To test if TOE/Chimney is the source of your problem, you can disable it and see if the problem goes away. You should do this for BOTH the client and server, since TOE/Chimney on either machine, or both, could be the cause of the issue. To disable Chimney, run this command (if on Windows Vista or Windows Server 2008, run it at an elevated command prompt):

netsh int ip set chimney DISABLED

This command does NOT require a reboot. If you have these symptoms and running this command doesn’t fix the problem, then you likely have an issue with network hardware and should follow up by investigating your network hardware. This kb article should give you some leads on how to begin network troubleshooting: https://support.microsoft.com/kb/325487

Dan Benediktson
SQL Server Protocols
Disclaimer: This posting is provided "AS IS" with no warranties, and confers no rights

Comments

  • Anonymous
    January 07, 2009
    You nicely explain for which symptoms one has to look out, however I'm still looking for the reason why this happens.

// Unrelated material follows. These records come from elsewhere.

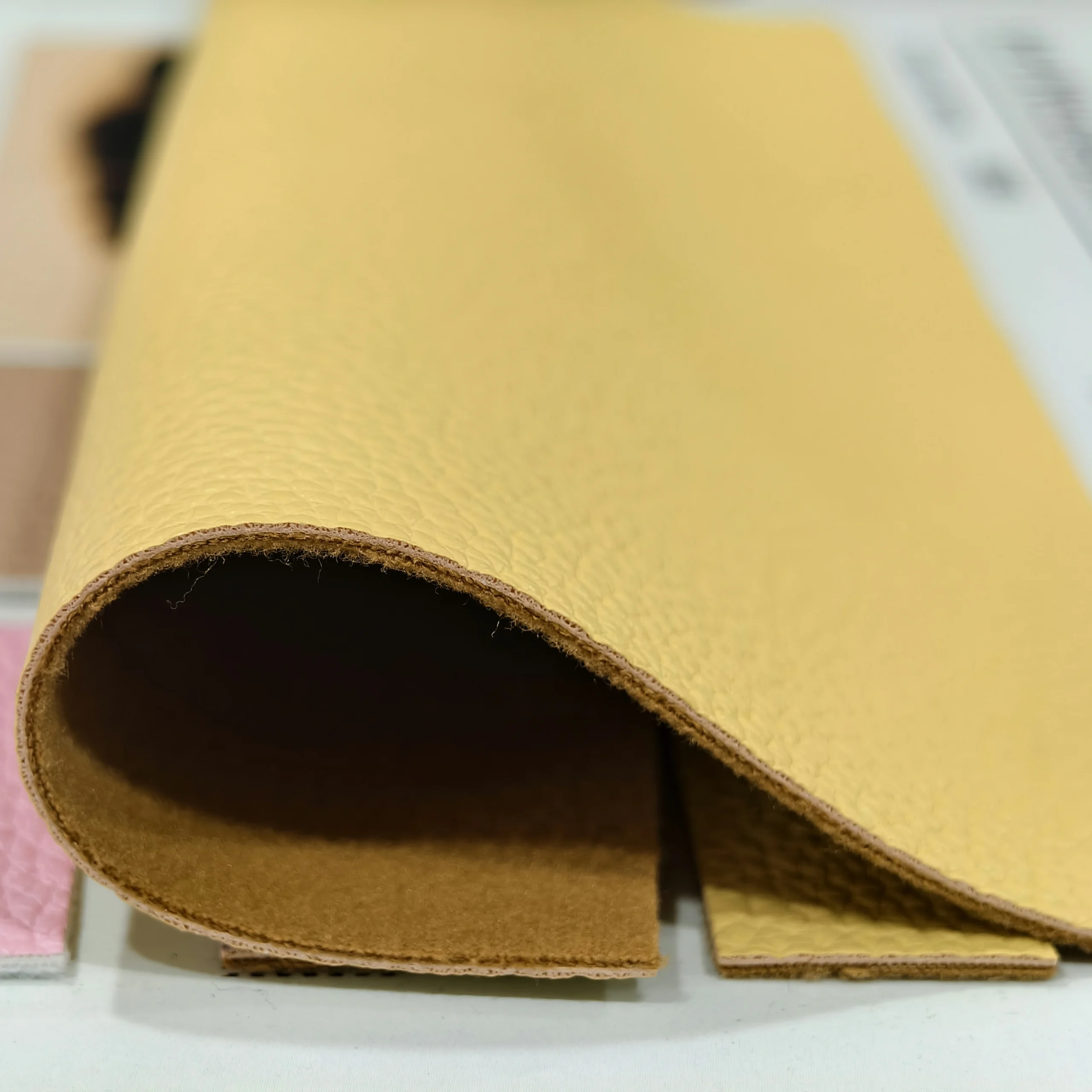 Danhon 1.3mm yellow pebble grain PU leather thickness detail image showing material profile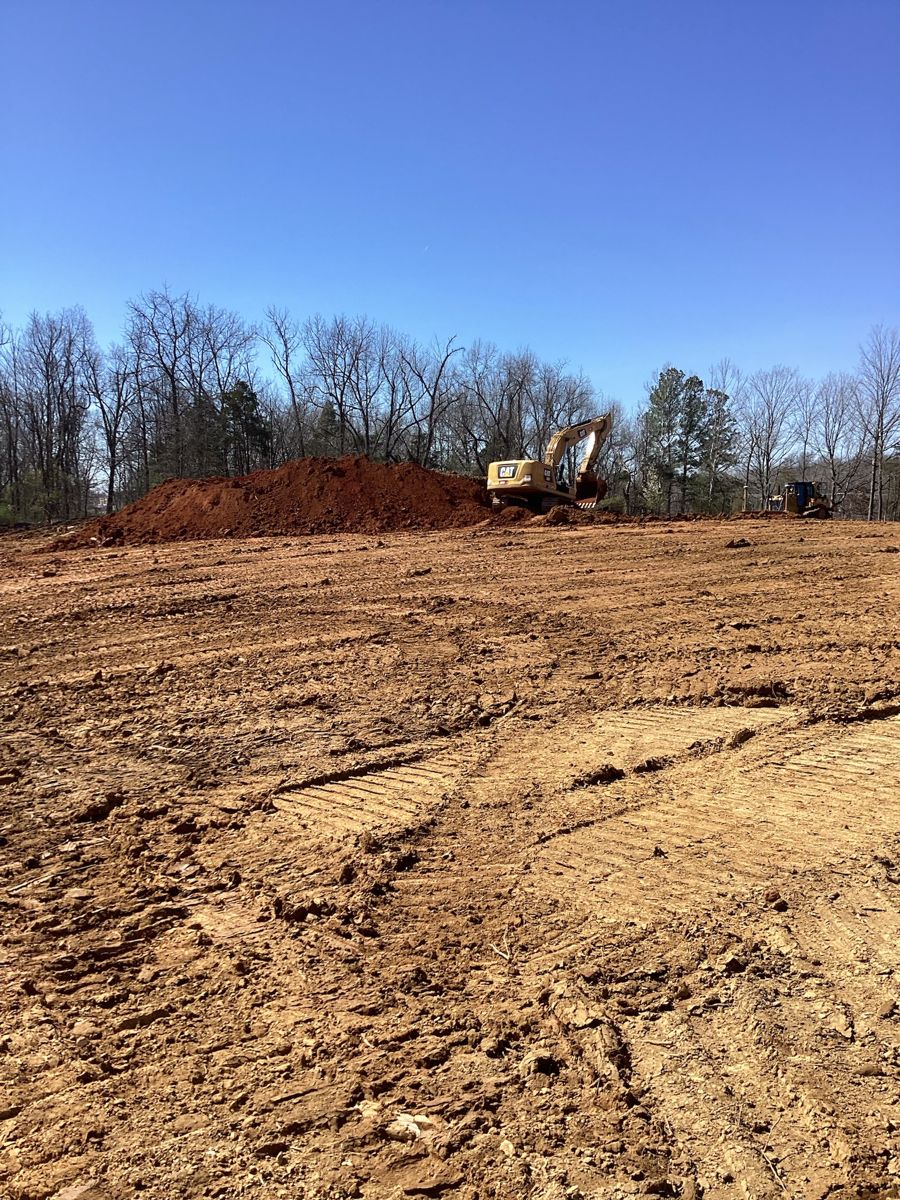 Lot cleared and rough graded, excavator at the tree line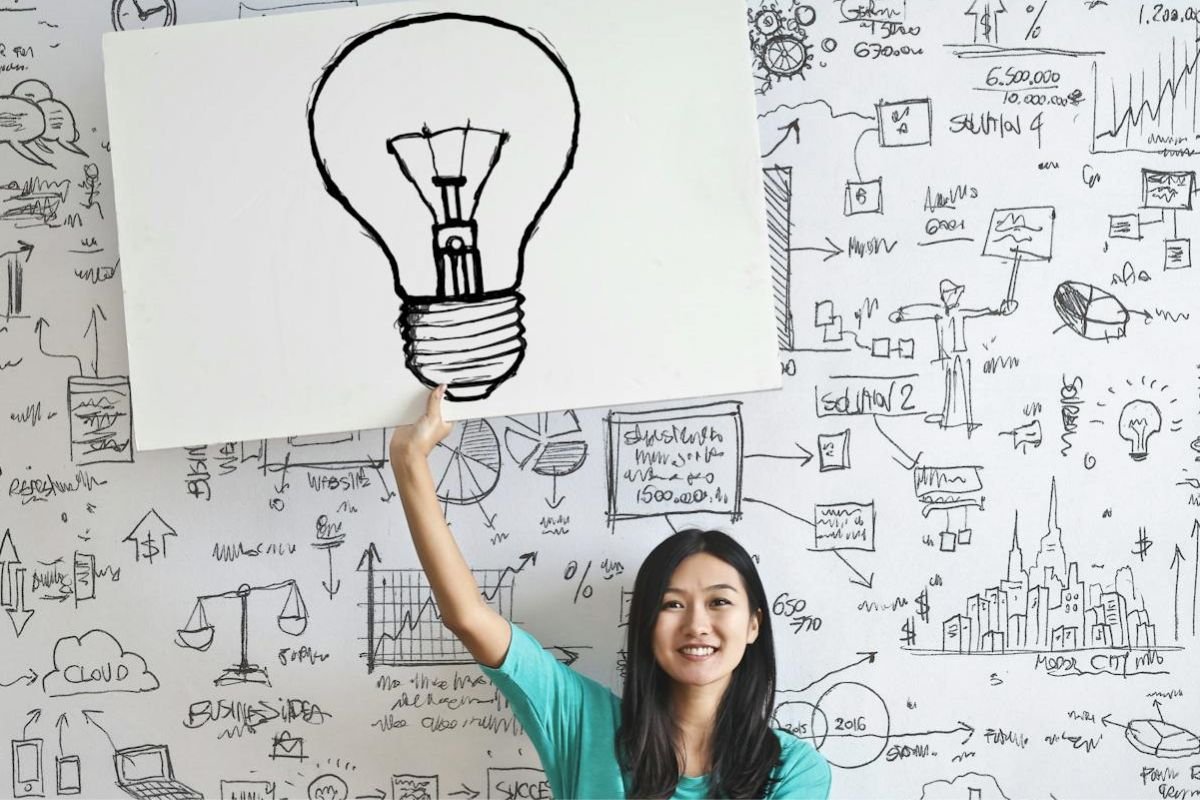 The Role of Alcohol in Unlocking Creativity: Insights and Inspiration A woman drawing a light bulb on a whiteboard, symbolising inspiration and the potential influence of alcohol on creativity.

What causes exactly the connections to drop (forced closure) ? Is the TOE implementation so buggy or are their certain szenarios that forces the reset of the tcp connections ?

  • Anonymous
    January 07, 2009
    I actually need to update this blog post, so thanks for reminding me!  The root cause of this exact problem is a buggy implementation of keepalive in the NIC driver.  Fortunately, in the latest driver version that is available for the affected NICs, that implementation has been fixed, so now rather than turning off this feature entirely, you can update your NIC drivers and get the benefits of TOE. Hope this helps, Dan

  • Anonymous
    January 07, 2009
    Thanks for the very fast response, in our situation we see that behavior between two servers that are both running on VM Ware ESX. Would the mentioned cause also apply for a virtualisation environment like this ? Is there a KB that gives an overview which NICs are affected ?

  • Anonymous
    January 07, 2009
    I believe the affected NICs are covered in this KB article: http://support.microsoft.com/kb/942861 I am not positive that this is possible in a VMWare environment, although I believe it should be possible if one or both of the host machines are using one of these NICs. Note that this is not by any stretch the only possible cause of "Connection forcibly closed", though - malfuncioning network hardware could give exactly the same symptoms, and used to be the main source of these sorts of error messages before this problem came up.  TCP Chimney is definitely the first place to look, though, both because it is a common problem and because it is easier to troubleshoot than other kinds of misbehaving switch, NIC, etc...

  • Anonymous
    June 05, 2009
    An existing connection was forcibly closed by the remote host

  • Anonymous
    April 01, 2010
    A connection was successfully established with the server, but then an error occurred during the pre-login handshake. (provider: TCP Provider, error: 0 - An existing connection was forcibly closed by the remote host.) (Microsoft SQL Server, Error: 10054)

  • Anonymous
    April 04, 2010
    The comment has been removed

  • Anonymous
    June 06, 2012
    The comment has been removed

  • Anonymous
    December 01, 2015
    Old post, new comment: I found out that my corporate network at work had some ports blocked and that was the reason I got this error. I tried the same connection from a network outside of the corporate one and connection worked right away.